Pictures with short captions
>>>

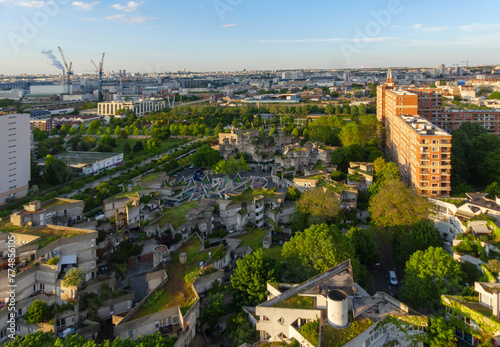 Ivry sur Seine photo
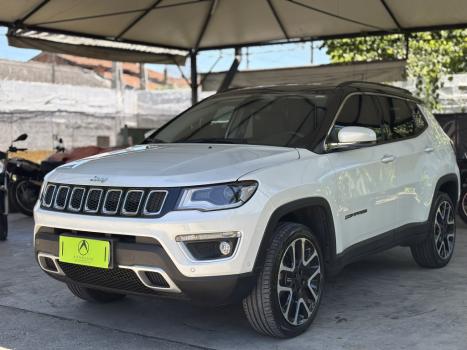 JEEP Compass 2.0 16V 4P LIMITED TURBO DIESEL 4X4 AUTOMTICO, Foto 3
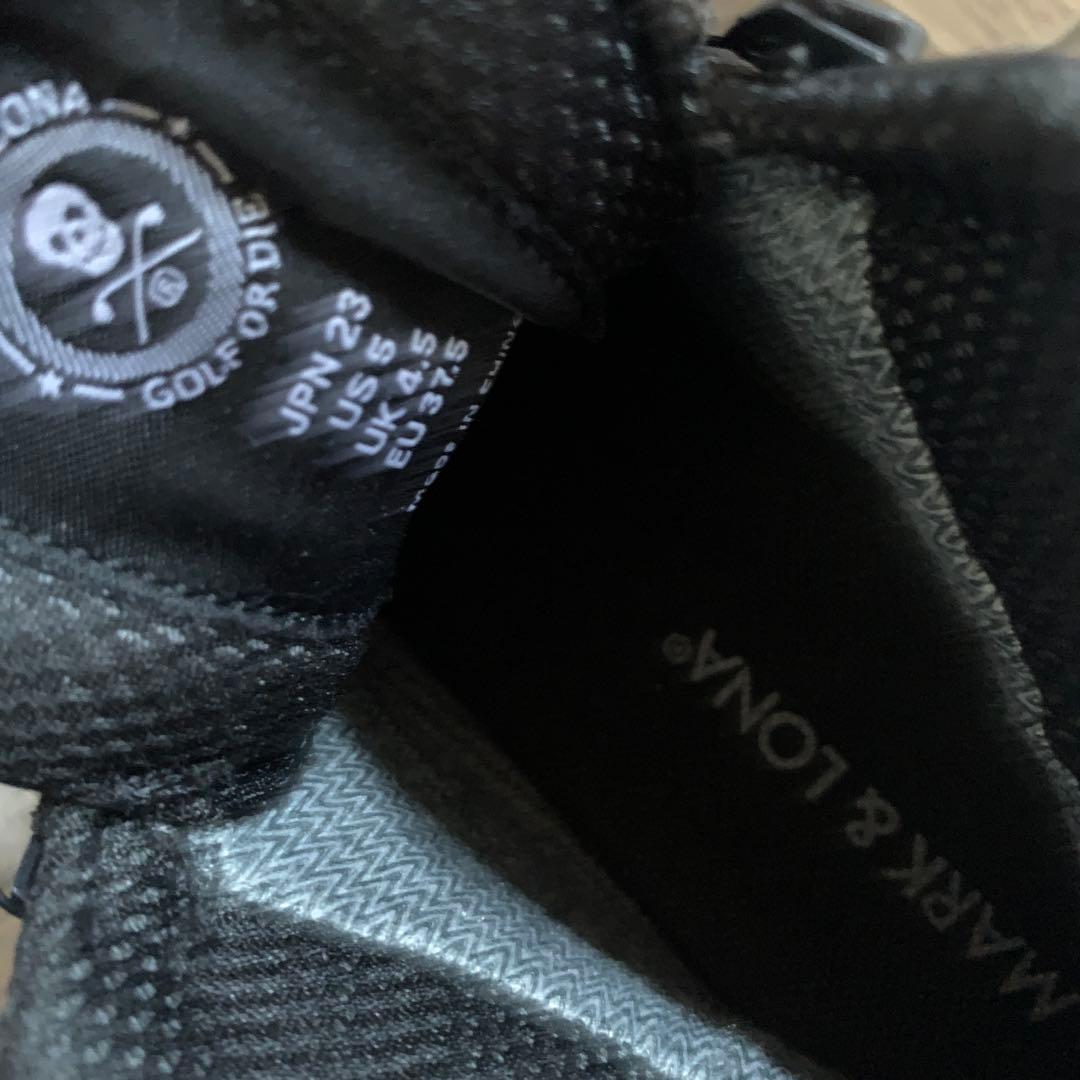 MARK&LONA／ゴルフシューズ レディース　SS32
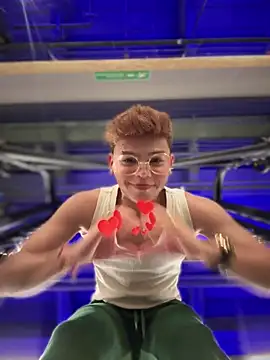 PRINCE STEV online show from March 2025 08:06:02 PM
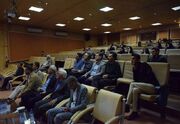 همایش آنالیز هارمونیک و کاربردها در دانشگاه کردستان برگزار شد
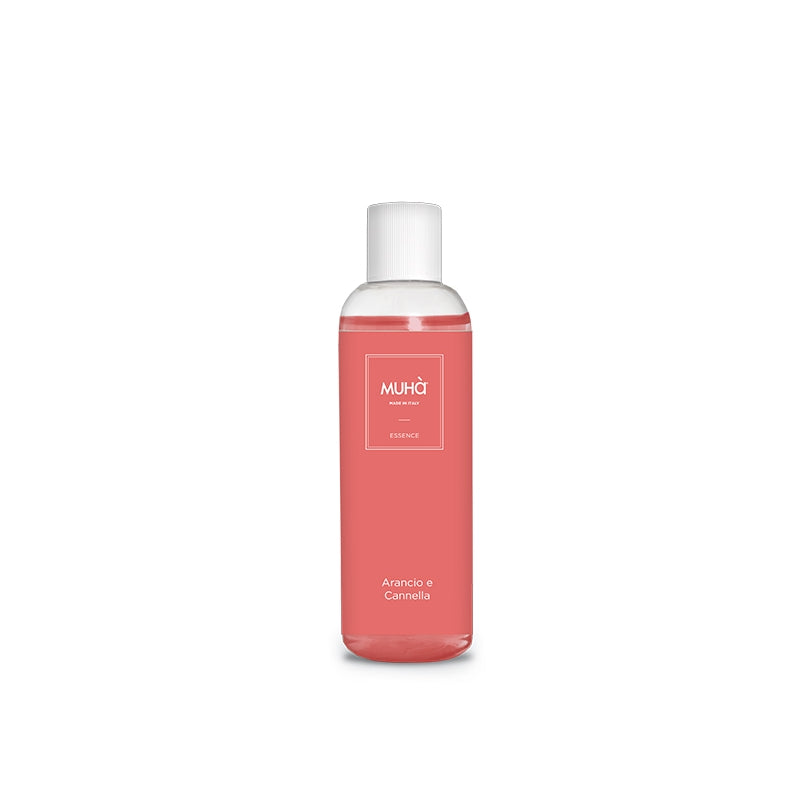 Muhà Reload Orange and Cinnamon - Environment Perfumer - Various formats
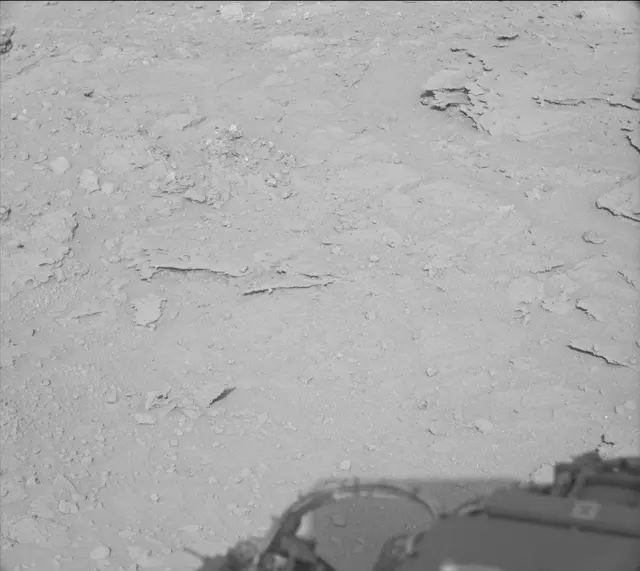 Sol 397: Mast Camera (Mastcam)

<<<

* _ASSIGNED TASK_: Copy the data above line for line, skipping every picture.

* _TASK RESULT_:
 Ivry sur Seine photo
 JEEP Compass 2.0 16V 4P LIMITED TURBO DIESEL 4X4 AUTOMTICO, Foto 3
 MARK&LONA／ゴルフシューズ レディース　SS32
 PRINCE STEV online show from March 2025 08:06:02 PM
 همایش آنالیز هارمونیک و کاربردها در دانشگاه کردستان برگزار شد
 Muhà Reload Orange and Cinnamon - Environment Perfumer - Various formats
 Sol 397: Mast Camera (Mastcam)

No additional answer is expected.